Ирина Дедюхова - Время гарпий
Проверяя сочинения, Эвриале уже теряла надежду, когда из множества однотипных сочинений взяла в руки до конца исписанную тетрадку, на которой вообще не стояло ни имени, ни буквы класса, ни номера школы. Но в тетрадке было именно то, что она много лет искала, переезжая из города в город, оглядывая поселки и деревни, поднимаясь в темное небо, держа перед собой призрачный огонек заветного флакона. Каждая строчка этой тетрадки уже заявляла свои права на золотую корону Каллиопы, еще до конца не поверившей в свою непобедимую силу.
— Мальчики, чья это тетрадка? — первым делом спросила Эвриале, войдя в класс. Она внимательно смотрела на мальчишеские лица, пытаясь определить, кто же из этих сорванцов исписал тетрадку неровным крупным почерком.

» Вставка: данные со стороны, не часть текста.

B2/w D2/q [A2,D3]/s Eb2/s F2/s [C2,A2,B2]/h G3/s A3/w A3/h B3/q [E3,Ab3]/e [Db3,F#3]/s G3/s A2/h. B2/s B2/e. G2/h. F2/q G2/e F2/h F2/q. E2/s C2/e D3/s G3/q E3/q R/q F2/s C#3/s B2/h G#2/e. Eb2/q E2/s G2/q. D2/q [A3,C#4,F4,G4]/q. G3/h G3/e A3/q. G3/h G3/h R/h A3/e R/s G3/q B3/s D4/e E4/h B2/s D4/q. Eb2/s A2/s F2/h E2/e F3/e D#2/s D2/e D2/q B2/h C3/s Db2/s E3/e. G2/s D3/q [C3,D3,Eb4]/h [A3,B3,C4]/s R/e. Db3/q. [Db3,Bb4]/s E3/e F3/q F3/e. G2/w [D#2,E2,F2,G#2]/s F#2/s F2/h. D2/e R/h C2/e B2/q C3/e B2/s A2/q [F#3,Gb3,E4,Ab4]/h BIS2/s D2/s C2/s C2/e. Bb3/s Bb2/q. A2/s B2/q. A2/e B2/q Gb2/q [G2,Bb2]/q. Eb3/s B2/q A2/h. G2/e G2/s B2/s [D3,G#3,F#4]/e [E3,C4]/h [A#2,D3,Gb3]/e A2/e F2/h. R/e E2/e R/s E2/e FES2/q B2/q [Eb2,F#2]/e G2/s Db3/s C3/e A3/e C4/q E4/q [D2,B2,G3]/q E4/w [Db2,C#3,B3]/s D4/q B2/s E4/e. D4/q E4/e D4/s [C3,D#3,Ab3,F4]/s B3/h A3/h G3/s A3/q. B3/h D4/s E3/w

— Это не мальчуковая тетрадка, у нас это только вот она такое пишет! — сказал смешной полный паренек с последней парты, кивнув на девочку, сидевшую на третьей парте в среднем ряду.
— Это твоя тетрадка? — недоверчиво спросила девочку Эвриале.
— Это я писала, да, — неохотно призналась девочка, вставая.
— А почему твоя тетрадь не подписана? — окончательно растерялась Эвриале.
— А потому что я считаю это неважным, — ответила девочка, отчего-то оборачиваясь к мальчику, седевшему сразу за ней, будто продолжая их давний спор. — Важно то, что в ней написано, а имя я считаю неважным. Мне вообще не нравятся ни имена, ни фамилии. Я считаю, что человек должен искать книгу, а факты биографии писателя для читателя уже неважны. Важно, настоящее это или нет.
— А что ты-то считаешь настоящим? — поинтересовалась учительница.
— Ну, такое… вневременное… вечное, то, что диктуется не наносной «партийностью в литературе», — усмехнулась девочка, и в глазах ее заплясали хорошо знакомые Эвриале веселые искорки.
Она уже все поняла, но еще глядела на девочку с глубоким состраданием. Сколько раз она видела искорки того божественного веселья, которое было способно разогнать любой мрак отчаявшихся душ, любую жизненную бурю, цеплявшуюся стальными когтями прямо в горло. Она слишком хорошо знала, что первыми натиск этой бури принимают на себя такие вот безумцы, считающие неважным «задачи построения нового общества», «воспитания нового человека», старающиеся доказать, что нравственные принципы не меняются не только с изменением исторических условий, но и со сменой сонма богов, в которых верят люди.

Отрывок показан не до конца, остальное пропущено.